• **The problem**: Use the entries below and reproduce exactly the lines from the one containing "Surfing Puppy Cartoon logo design" down to the one containing "Baseball Crewneck Sweatshirt", both of them included.

• **Records for the exercise**:
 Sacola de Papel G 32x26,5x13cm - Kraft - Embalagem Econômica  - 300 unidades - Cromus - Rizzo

---

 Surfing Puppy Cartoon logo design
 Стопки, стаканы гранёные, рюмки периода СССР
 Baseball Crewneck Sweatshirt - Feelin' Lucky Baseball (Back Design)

==

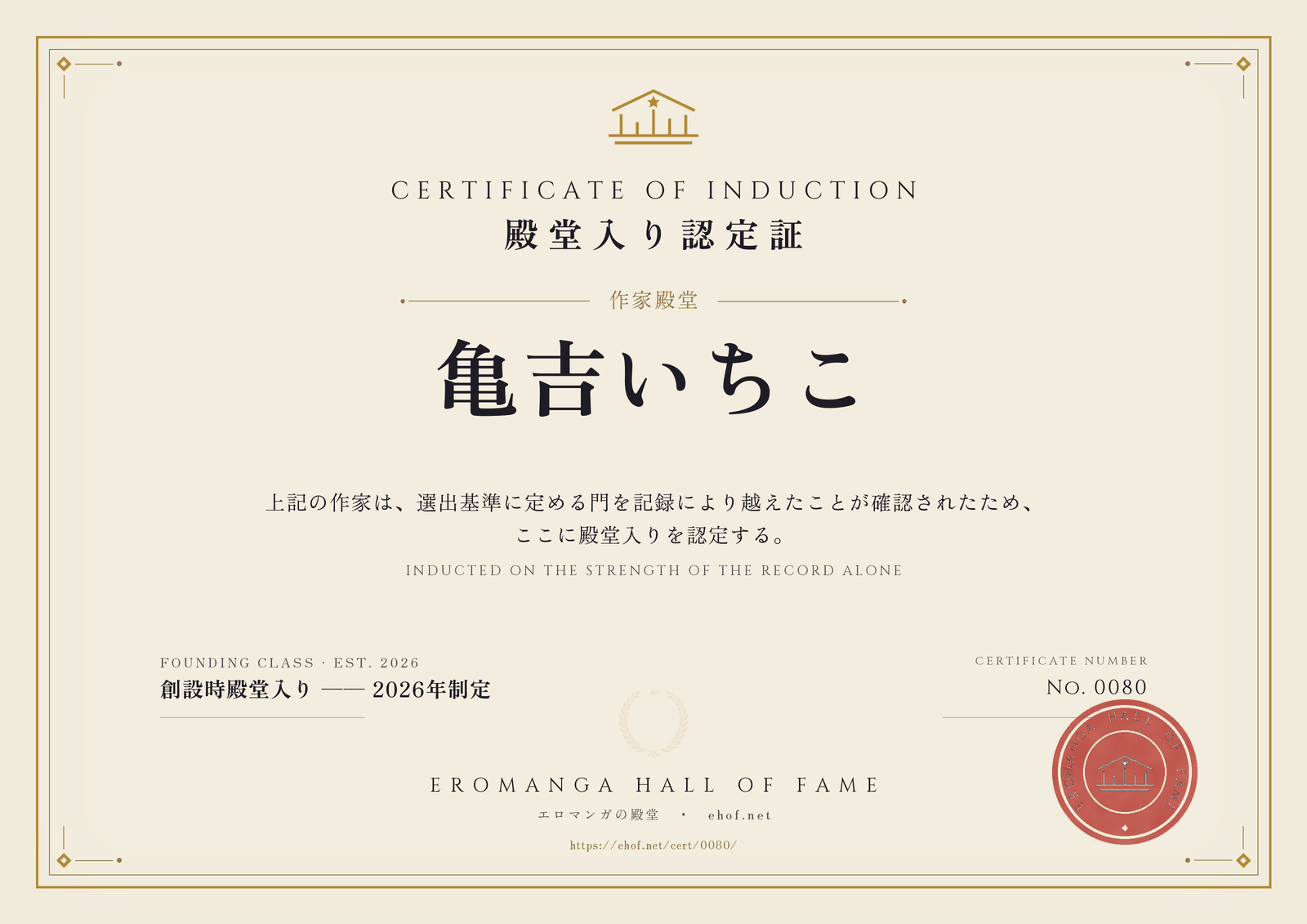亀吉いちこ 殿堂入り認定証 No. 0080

• **Task result**:
 Surfing Puppy Cartoon logo design
 Стопки, стаканы гранёные, рюмки периода СССР
 Baseball Crewneck Sweatshirt - Feelin' Lucky Baseball (Back Design)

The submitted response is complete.